Hence, prioritizing downstreaming and industrialization can enable Indonesia to take full advantage of its resources and boost economic growth. This strategy, however, will require substantial investment in infrastructure, technology, human resources and a supportive policy environment.
Global market volatility is increasing in response to the United States tariff policies.
US President Donald Trump announced an additional 10 percent tariff on imports from China, which has been enforced since early March. Previously, Trump had also imposed a 10 percent tariff in early February to pressure China regarding trade, technology and investment issues. Furthermore, still in March, a 25 percent tariff will also be imposed on imports of goods from Canada and Mexico. The US president also warned that there would be a reciprocal tariff policy against other countries that the government considers detrimental to US companies through significant trade barriers or higher taxes.

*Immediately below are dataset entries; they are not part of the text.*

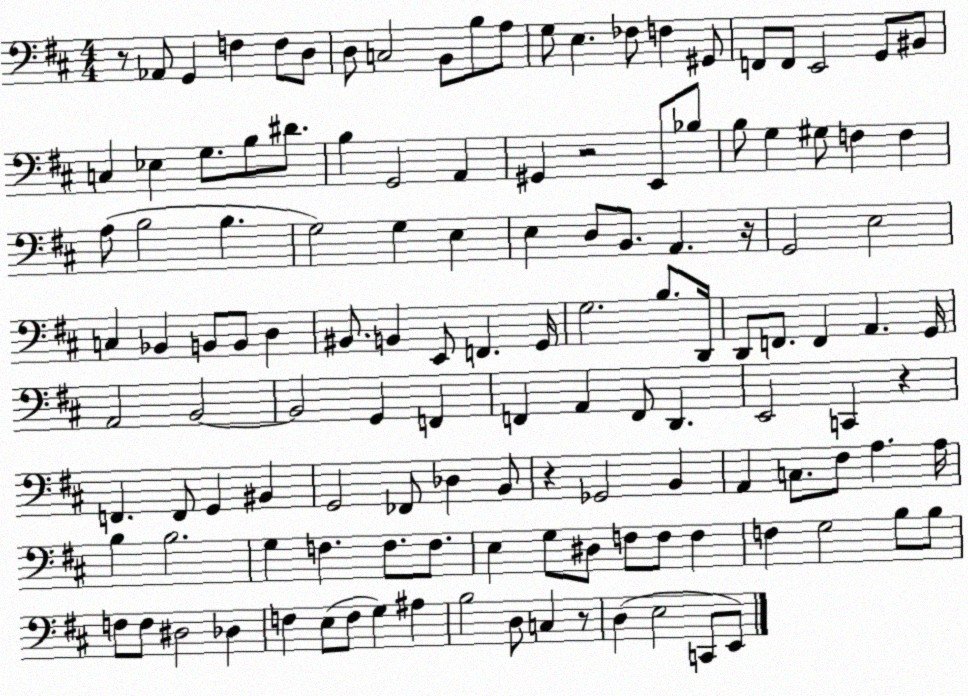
X:1
T:Untitled
M:4/4
L:1/4
K:D
z/2 _A,,/2 G,, F, F,/2 D,/2 D,/2 C,2 B,,/2 B,/2 A,/2 G,/2 E, _F,/2 F, ^G,,/2 F,,/2 F,,/2 E,,2 G,,/2 ^B,,/2 C, _E, G,/2 B,/2 ^D/2 B, G,,2 A,, ^G,, z2 E,,/2 _B,/2 B,/2 G, ^G,/2 F, F, A,/2 B,2 B, G,2 G, E, E, D,/2 B,,/2 A,, z/4 G,,2 E,2 C, _B,, B,,/2 B,,/2 D, ^B,,/2 B,, E,,/2 F,, G,,/4 G,2 B,/2 D,,/4 D,,/2 F,,/2 F,, A,, G,,/4 A,,2 B,,2 B,,2 G,, F,, F,, A,, F,,/2 D,, E,,2 C,, z F,, F,,/2 G,, ^B,, G,,2 _F,,/2 _D, B,,/2 z _G,,2 B,, A,, C,/2 ^F,/2 A, A,/4 B, B,2 G, F, F,/2 F,/2 E, G,/2 ^D,/2 F,/2 F,/2 F, F, G,2 B,/2 B,/2 F,/2 F,/2 ^D,2 _D, F, E,/2 F,/2 G, ^A, B,2 D,/2 C, z/2 D, E,2 C,,/2 E,,/2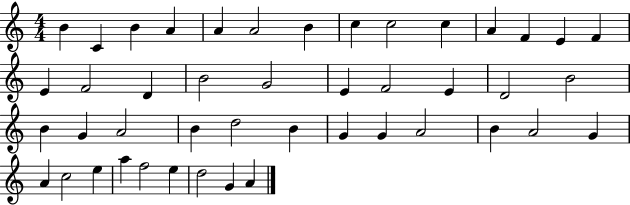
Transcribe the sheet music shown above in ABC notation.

X:1
T:Untitled
M:4/4
L:1/4
K:C
B C B A A A2 B c c2 c A F E F E F2 D B2 G2 E F2 E D2 B2 B G A2 B d2 B G G A2 B A2 G A c2 e a f2 e d2 G A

Prospective US fiscal policy has caused the US Treasury yield to remain high. However, it has decreased slightly because of the increasing demand of global investors for US Treasury securities, indicating capital flight to the US Treasuries.

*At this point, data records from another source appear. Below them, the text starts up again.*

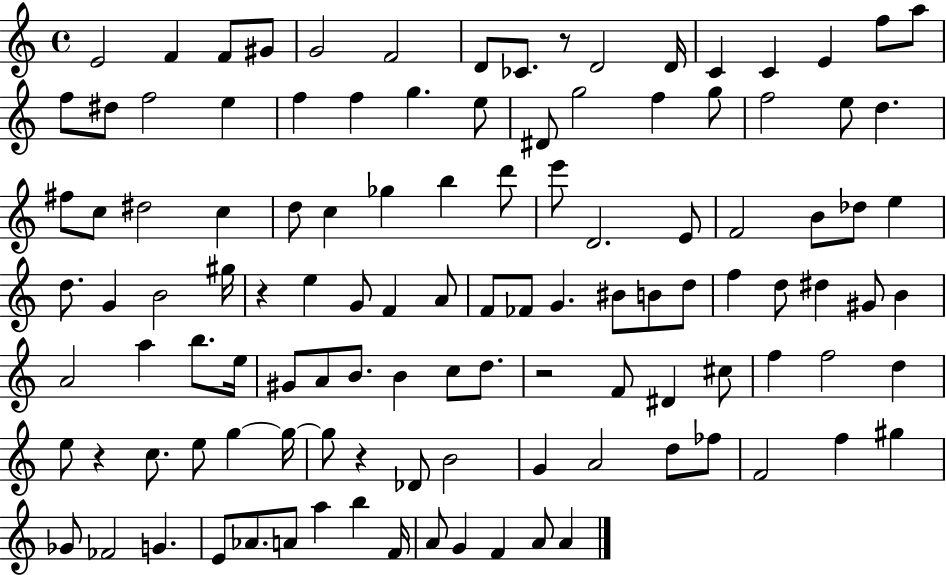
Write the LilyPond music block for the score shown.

{
  \clef treble
  \time 4/4
  \defaultTimeSignature
  \key c \major
  \repeat volta 2 { e'2 f'4 f'8 gis'8 | g'2 f'2 | d'8 ces'8. r8 d'2 d'16 | c'4 c'4 e'4 f''8 a''8 | \break f''8 dis''8 f''2 e''4 | f''4 f''4 g''4. e''8 | dis'8 g''2 f''4 g''8 | f''2 e''8 d''4. | \break fis''8 c''8 dis''2 c''4 | d''8 c''4 ges''4 b''4 d'''8 | e'''8 d'2. e'8 | f'2 b'8 des''8 e''4 | \break d''8. g'4 b'2 gis''16 | r4 e''4 g'8 f'4 a'8 | f'8 fes'8 g'4. bis'8 b'8 d''8 | f''4 d''8 dis''4 gis'8 b'4 | \break a'2 a''4 b''8. e''16 | gis'8 a'8 b'8. b'4 c''8 d''8. | r2 f'8 dis'4 cis''8 | f''4 f''2 d''4 | \break e''8 r4 c''8. e''8 g''4~~ g''16~~ | g''8 r4 des'8 b'2 | g'4 a'2 d''8 fes''8 | f'2 f''4 gis''4 | \break ges'8 fes'2 g'4. | e'8 aes'8. a'8 a''4 b''4 f'16 | a'8 g'4 f'4 a'8 a'4 | } \bar "|."
}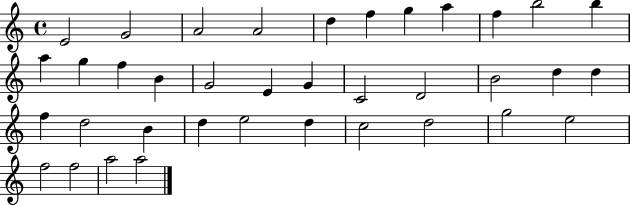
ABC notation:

X:1
T:Untitled
M:4/4
L:1/4
K:C
E2 G2 A2 A2 d f g a f b2 b a g f B G2 E G C2 D2 B2 d d f d2 B d e2 d c2 d2 g2 e2 f2 f2 a2 a2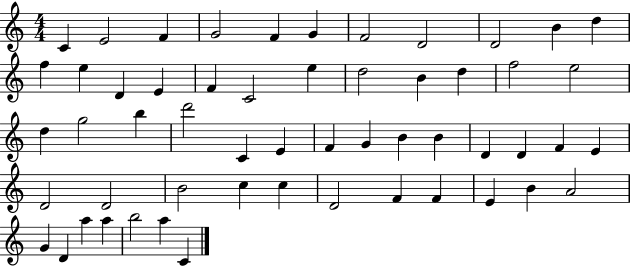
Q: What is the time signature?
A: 4/4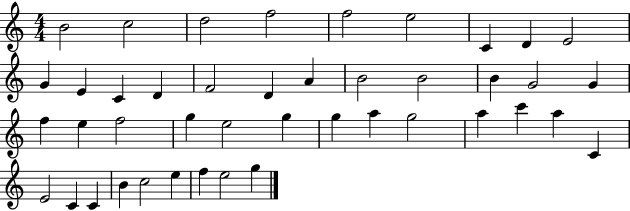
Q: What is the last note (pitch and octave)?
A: G5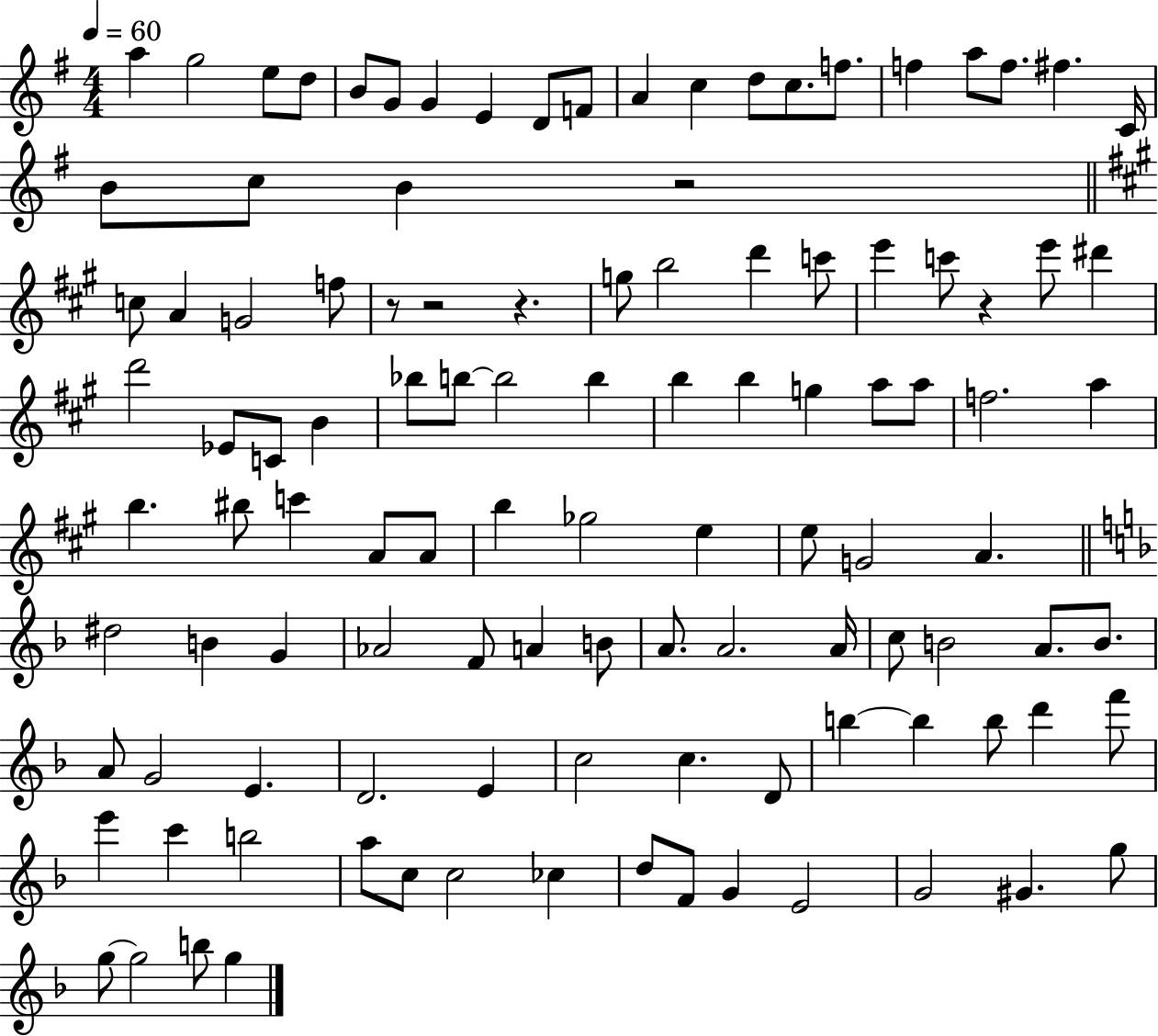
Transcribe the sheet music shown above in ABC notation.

The US tariff policy significantly impacts the global market, especially in countries that are its main trading partners. Countries affected by the higher US tariff have also retaliated, indicating rising global trade barriers. This series of events marks the beginning of the trade war, which will affect the global economy.
Trade war and trade tension will create uncertainty in the worldwide market, harming investment and economic growth. Higher import tariffs can push up inflation in other countries because companies have to pay more for imports, and these costs are often passed on to consumers at higher prices. As a result, people's purchasing power could decrease as a result of higher prices. Furthermore, higher tariffs can make it challenging for global industrial activity to compete, leading to factory closures and increasing unemployment.
The potential for higher inflation in the US could delay the Fed's interest rate cut. The Fed may hesitate to cut interest rates when inflation is high because cutting interest rates can spur demand and increase inflation. Concerns about high inflation appeared in the statement of most Federal Reserve officials who indicated no rush in lowering the benchmark interest rate, the Fed Funds Rate, this year. As a result, the US dollar exchange rate has strengthened against several major currencies.
The strengthening of the US dollar as a haven currency is shown by the increase in the US dollar index to 107-108 in recent weeks. This can also be perceived from the appreciation of the US dollar compared to other major world currencies such as the euro, the British pound and the Japanese yen. The Fed's move to maintain its benchmark interest rate of 4.25 to 4.50 percent at the beginning of this year is a response to rising US inflation expectations.